Brazilians have been using the underground organs of Smilax species in alternative medicine since the 19th century because of their anti-rheumatic qualities. However, even nowadays, these species are explored only by extractivism. Studies on seed germination and development of these organs could be useful to preserve these plants. After germination, seedling development of Smilax polyantha was analyzed to understand underground stem formation. Furthermore, to analyze the ontogenesis of the underground system, seedlings aged from one to twelve months were sectioned. One of the most striking features of this species is the presence of two stem branching systems. The plumule gives rise to the first stem branching system with negative geotropism. Its first underground axillary bud sprouted into the other caulinar axis with positive geotropism. The horizontal growth and the subsequent thickening of this underground organ depended on the development of axillary buds from basal nodes of the previous branches. The cotyledonary bud did not play a role in the underground formation, as previously described in the literature for this genus, but the buds of the basal cataphylls built the second stem branching system. In this study we discuss the terminology and suggest calling this second stem branching system a rhizophore.

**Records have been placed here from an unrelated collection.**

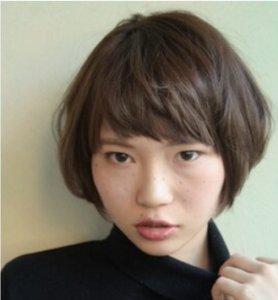 女性らしさもあるのでショートに抵抗がある方にもオススメなアンニュイショートボブ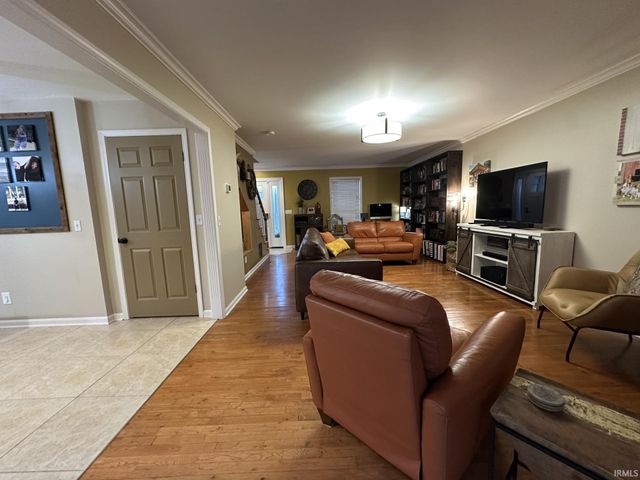 212 Alexandria Drive, Newburgh, IN 47630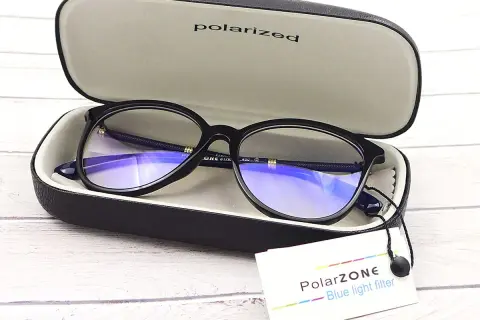 Okulary z filtrem światła niebieskiego w etui, z metką PolarZONE.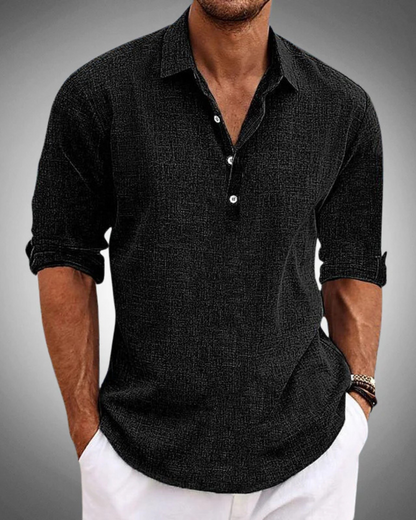 Camicia nera da uomo con colletto e maniche lunghe, abbinata a pantaloni bianchi. Stile casual elegante, perfetta per moda maschile moderna.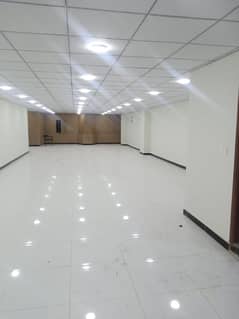 At Main Shahrah E Faisal 2275 Sq Ft Hall 24*7 Operations Allowed With Car Parking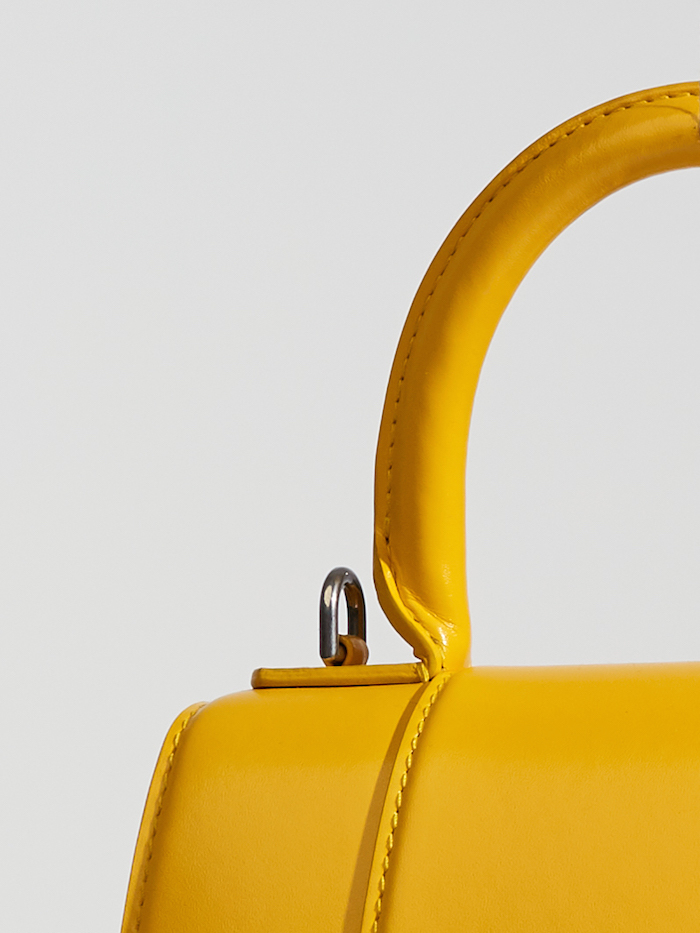 Меняем на любой из этих подарков все мимозы мира — специальная съемка BURO. и ЦУМа (фото 10)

As espécies de Smilax L. são utilizadas na medicina popular brasileira desde o século 19 devido às propriedades anti-reumáticas atribuídas aos órgãos subterrâneos de todas as espécies. No entanto, ainda hoje, essas espécies são exploradas apenas por extrativismo. Estudos sobre a germinação e o desenvolvimento dos órgãos subterrâneos podem ser úteis para preservar essas plantas. Após a germinação, o desenvolvimento de plântulas de Smilax polyantha foi analisado para compreender a formação do sistema subterrâneo. Para a análise da ontogênese do sistema subterrâneo foram seccionadas plantas em diferentes estágios de desenvolvimento entre um e doze meses. Uma das características mais marcantes desta espécie é a presença de dois sistemas de ramificação caulinar. A plúmula dá origem ao primeiro sistema caulinar de ramificações com geotropismo negativo. As gemas axilares subterrâneas desse primeiro eixo caulinar originam o segundo eixo caulinar com geotropismo positivo. O crescimento horizontal e o espessamento do órgão subterrâneo dependem do desenvolvimento de gemas axilares de nós basais dos ramos anteriores. A gema cotiledonar não participa da formação do caule subterrâneo, como descrito anteriormente na literatura para este gênero, mas as gemas axilares basais dos ramos caulinares aéreos originam o segundo eixo de ramificação caulinar subterrâneo. Neste estudo, após ser discutida a terminologia mais adequada, sugere-se chamar o caule subterrâneo dessas espécies de rizóforo.